Natural Language to Database Query System
Category:
Natural Language Processing
Skills:
SQL,NLTK
Problem Context
The goal of this project was to design a system that allows users to query a database using natural language instead of SQL. The challenge was to bridge the gap between human-friendly input and machine-executable queries, demonstrating both NLP parsing skills and database knowledge.
Collection
I created a structured database and defined realistic query tasks.
Database contained tables for students, courses, and enrollment (~50k records)
Queries included joins, aggregations, and filtering conditions
Preparation
I set up the mapping between natural language and database schema.
Built a dictionary of schema terms (e.g., “class” →
course
)Preprocessed input text: tokenization, lemmatization, stopword removal
Baseline
A simple rule-based parser was built as proof of concept.
Example: “List all students in Computer Science” →
SELECT * FROM students WHERE major='Computer Science'
Worked well for direct keyword mappings
Modeling
I expanded the system to handle more complex queries.
Implemented a seq2seq model trained on NL–SQL pairs
Used attention mechanisms for mapping natural language to SQL structure
Supported nested queries, conditions, and ordering
Evaluation
I compared generated SQL with ground truth queries.
Metrics: Exact Match Accuracy ~85% on test set
Executed queries against the database to validate correctness
Handled edge cases like synonyms (“professor” vs “instructor”)
Refinement
The system was optimized for usability and transparency.

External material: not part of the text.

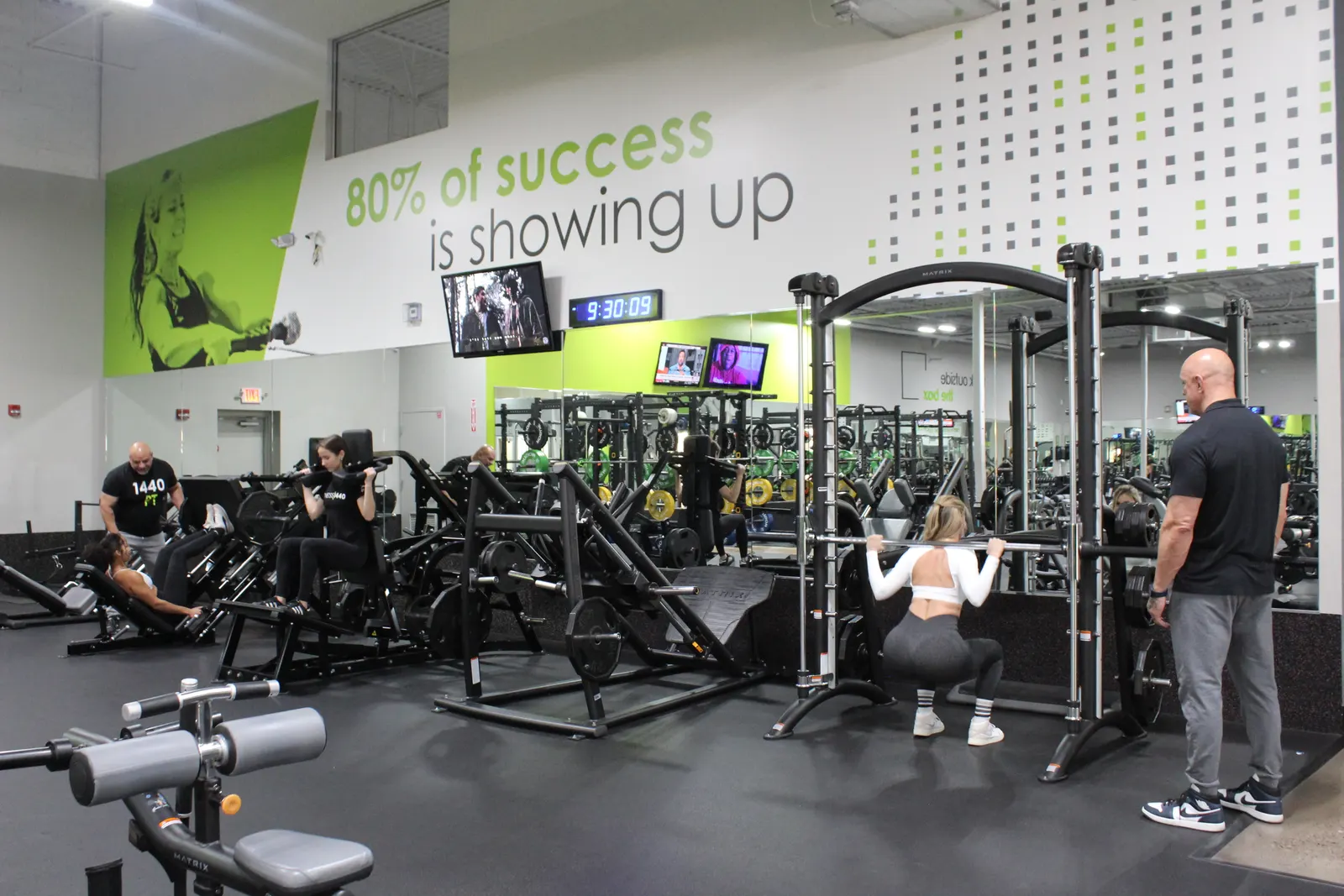 A woman squatting in a rack while a coach watches, with plate-loaded machines in use behind them.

Added a feedback loop: users could edit SQL output if parsing was wrong
Provided query explanation in plain English to increase trust
Integrated with a simple web UI for demo purposes
Conclusion
The system successfully translated natural language questions into SQL queries with ~85% exact match accuracy. It demonstrated how NLP and database knowledge can be combined to make data more accessible for non-technical users, while still allowing transparency and control for advanced users.